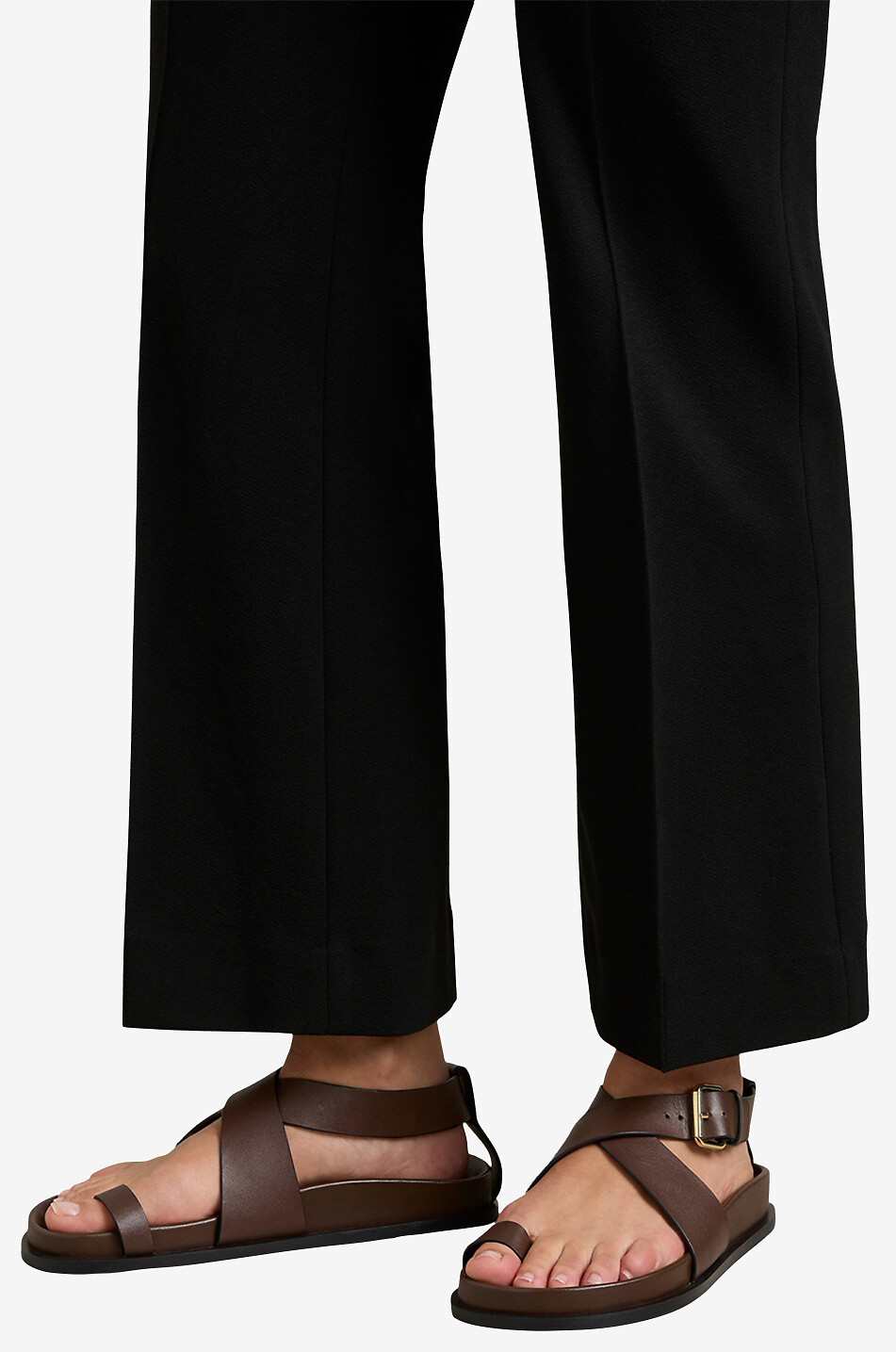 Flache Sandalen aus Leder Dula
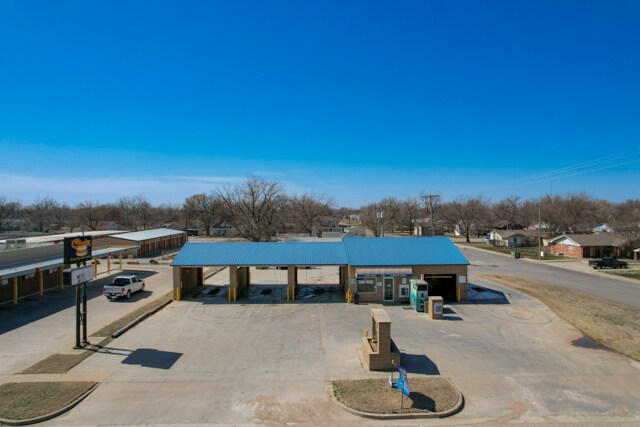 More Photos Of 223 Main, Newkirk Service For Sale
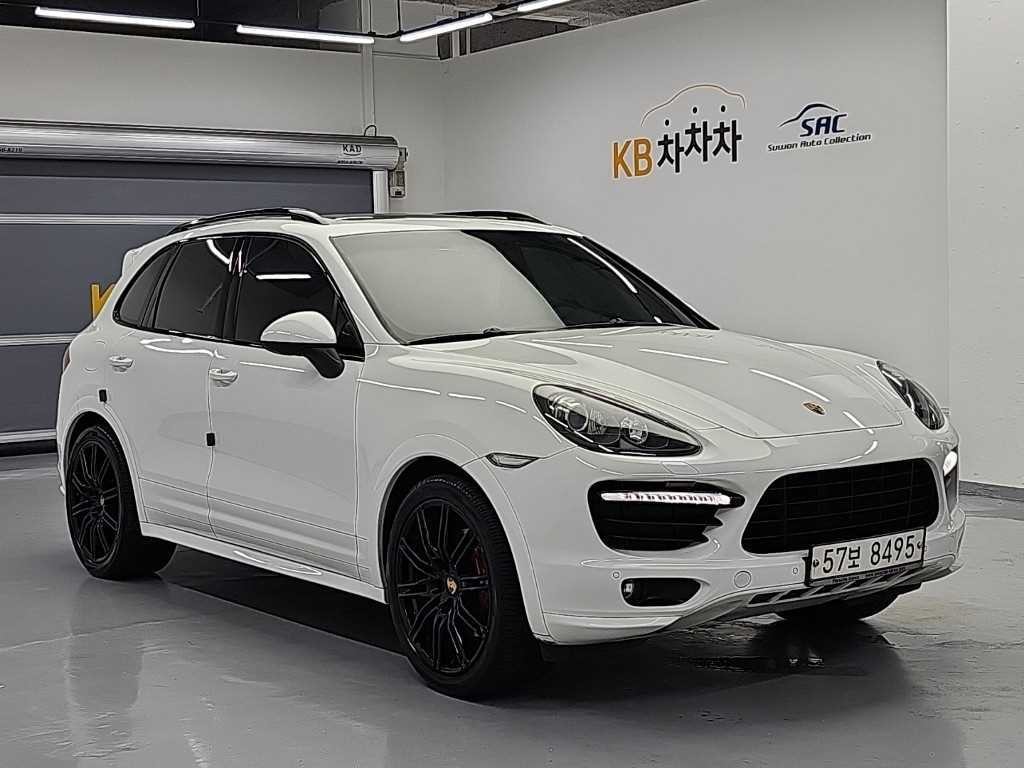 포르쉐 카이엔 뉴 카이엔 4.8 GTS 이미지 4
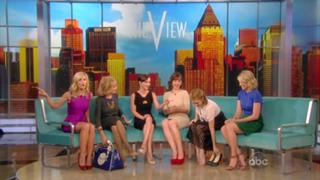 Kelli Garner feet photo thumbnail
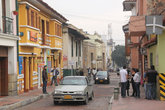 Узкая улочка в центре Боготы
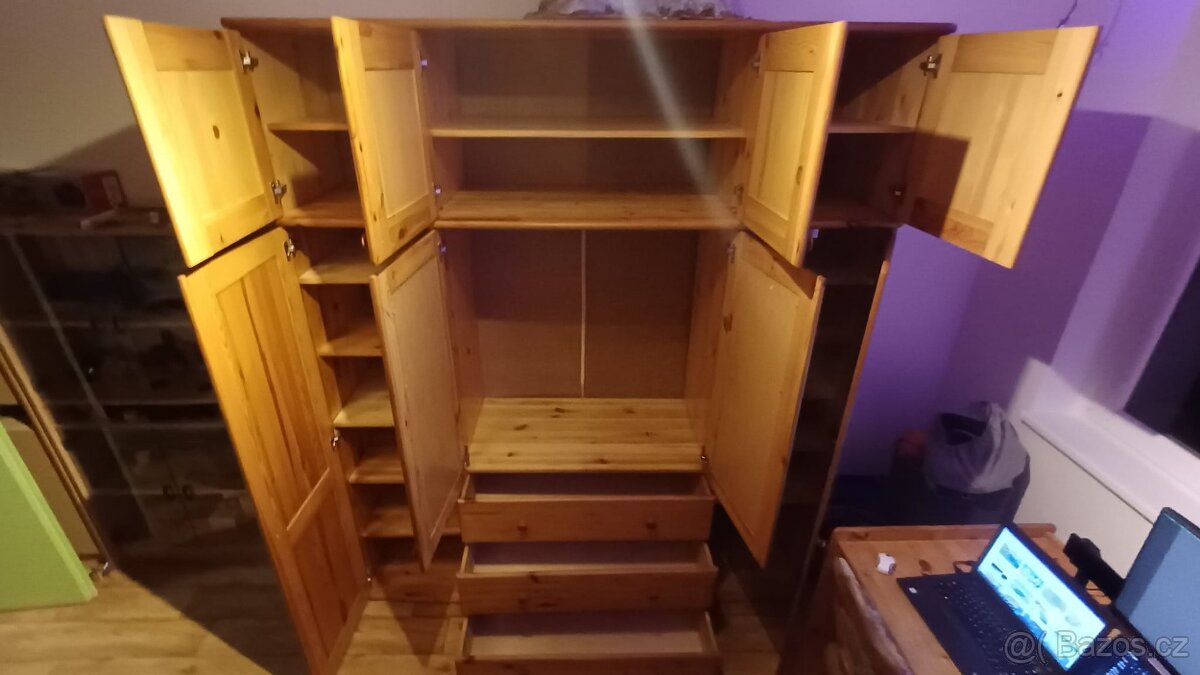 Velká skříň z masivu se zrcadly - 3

++++

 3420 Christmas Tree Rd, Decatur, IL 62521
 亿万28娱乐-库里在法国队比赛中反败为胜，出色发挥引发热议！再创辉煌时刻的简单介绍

++++

* _Task objective_
Write out word for word the lines above that run from the one with "Flache Sandalen aus Leder Dula" to the one with "Velká skříň z masivu se zrcadly - 3". Include both end lines; exclude the images.

* _Written response_
 Flache Sandalen aus Leder Dula
 More Photos Of 223 Main, Newkirk Service For Sale
 포르쉐 카이엔 뉴 카이엔 4.8 GTS 이미지 4
 Kelli Garner feet photo thumbnail
 Узкая улочка в центре Боготы
 Velká skříň z masivu se zrcadly - 3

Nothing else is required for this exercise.